The total memory of a non‑empty dictionary is:

total = sizeof(PyDictObject) + sizeof(PyDictKeysObject) +
        size_of(dk_indices) + size_of(dk_entries)

For a hash‑table capacity of 8:

Index array: 8 bytes (1 byte per slot).

Usable entry slots: USABLE_FRACTION(8) = 5.

If all keys are strings ( PyDictUnicodeEntry, 16 bytes each): 48 + 32 + 8 + 5 × 16 = 168 bytes.

Otherwise generic entries ( PyDictKeyEntry, 24 bytes each): 48 + 32 + 8 + 5 × 24 = 208 bytes.

When the dictionary grows to hold 7 entries, the hash‑table expands to capacity 16 (next power of two). The usable entry slots become USABLE_FRACTION(16) = 10:

All‑string keys: 48 + 32 + 16 + 10 × 16 = 256 bytes.

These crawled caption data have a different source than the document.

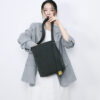nest-gray-model-6 Nest - 深灰色麂皮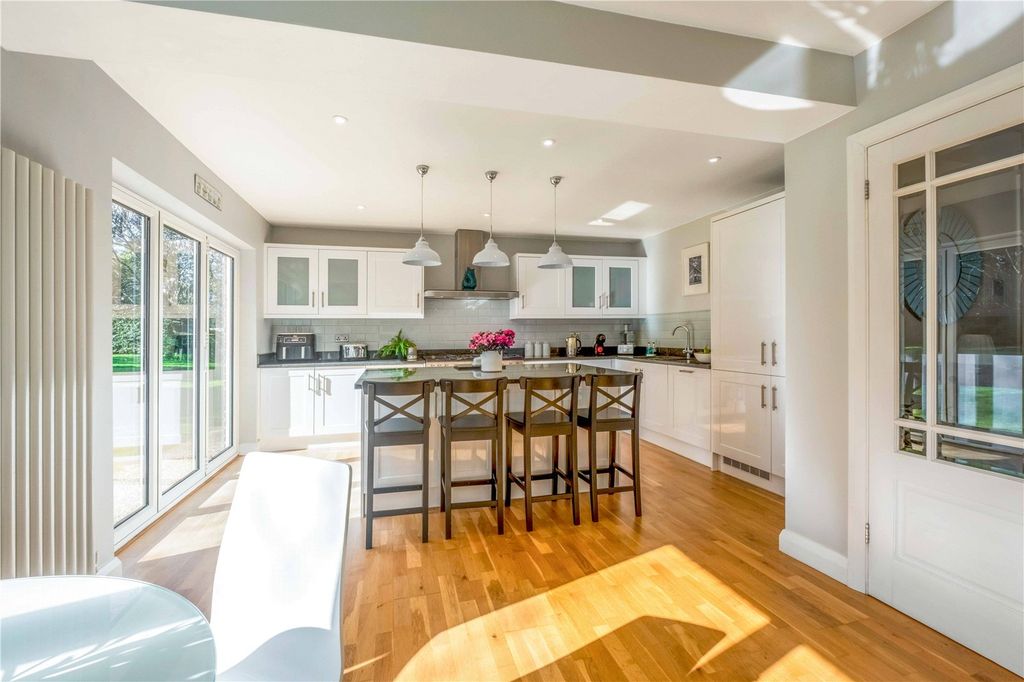 Property photo 2 of 24 Kitchen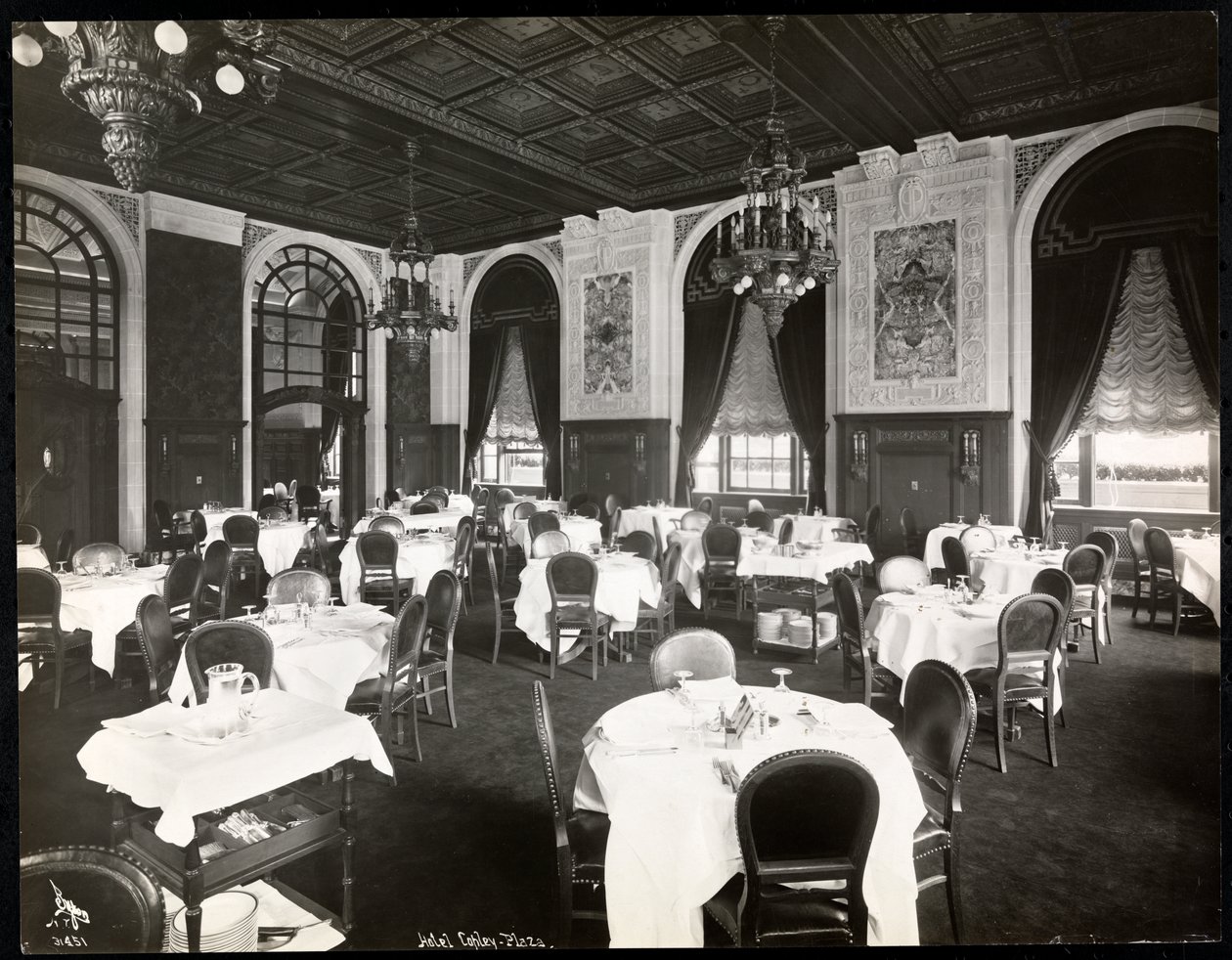 Copley Plaza -hotellin ruokasali, Boston, 1912 tai 1913 (hopeagelatiinivedos). tekijältä Byron Company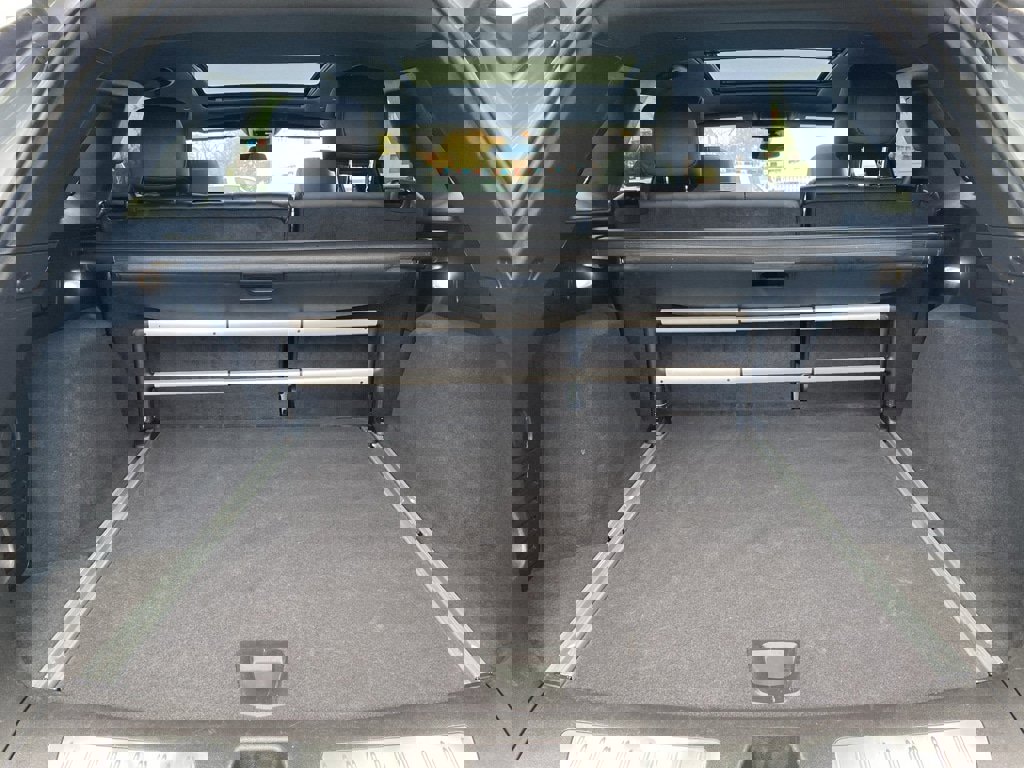 Used 2025 Cadillac XT5 Premium Luxury image 16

Generic keys: 48 + 32 + 16 + 10 × 24 = 336 bytes.

These formulas match the empirical measurements shown in the original article.

Capacity rules

Dictionary capacity is the length of the dk_indices array and is always a power of two. The minimum capacity is defined by:

#define PyDict_LOG_MINSIZE 3
#define PyDict_MINSIZE (1 << PyDict_LOG_MINSIZE)   // 8

When the number of used entries reaches dk_usable (i.e., 2/3 of the capacity), the table is resized to the next power‑of‑two size.

Key take‑aways

CPython dictionaries are hash tables that achieve O(1) lookup and insertion by storing keys, values, and (for non‑string keys) cached hashes.

Since Python 3.6 the entry array preserves insertion order, giving dictionaries deterministic iteration order.

Memory is saved by splitting the hash table into a compact index array ( dk_indices) and a reduced‑size entry array ( dk_entries), avoiding the 1/3 waste of a single‑array design.

PEP‑0412 introduced split tables so that dictionaries belonging to instances of the same class can share a single PyDictKeysObject, further reducing memory when attribute names are identical.

When all keys are Unicode strings (Python 3.12+), PyDictUnicodeEntry omits the cached hash because the string object already stores it, saving 8 bytes per entry.